■ **What you should do**
All lines below must be repeated exactly, with the pictures omitted.

■ **Data segment**

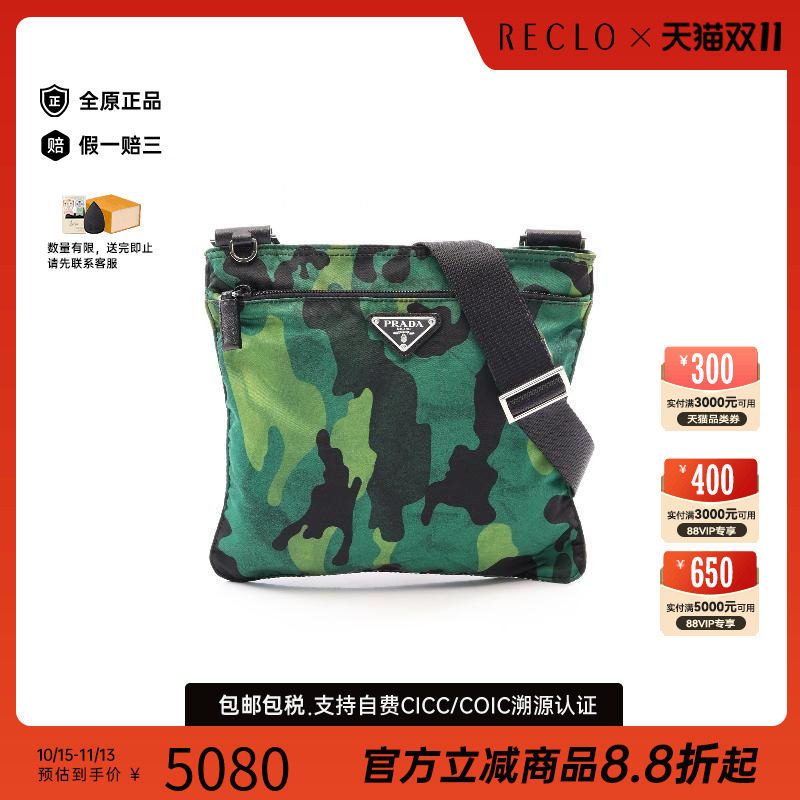 中古Prada普拉达斜挎包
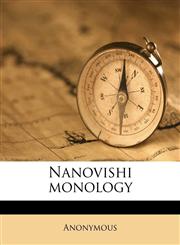 Nanovishi monology,1149919175,9781149919170
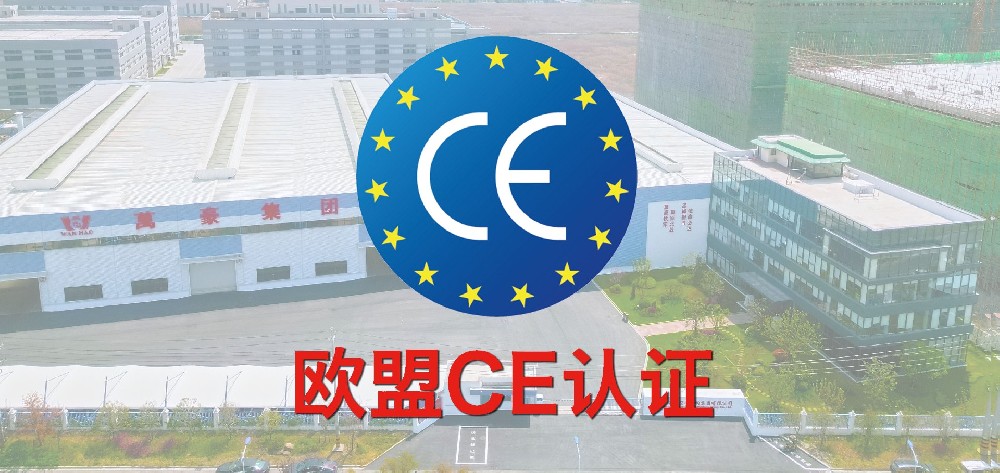 重磅！萬豪獲歐盟CE認證！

■ **Your solution**
 中古Prada普拉达斜挎包
 Nanovishi monology,1149919175,9781149919170
 重磅！萬豪獲歐盟CE認證！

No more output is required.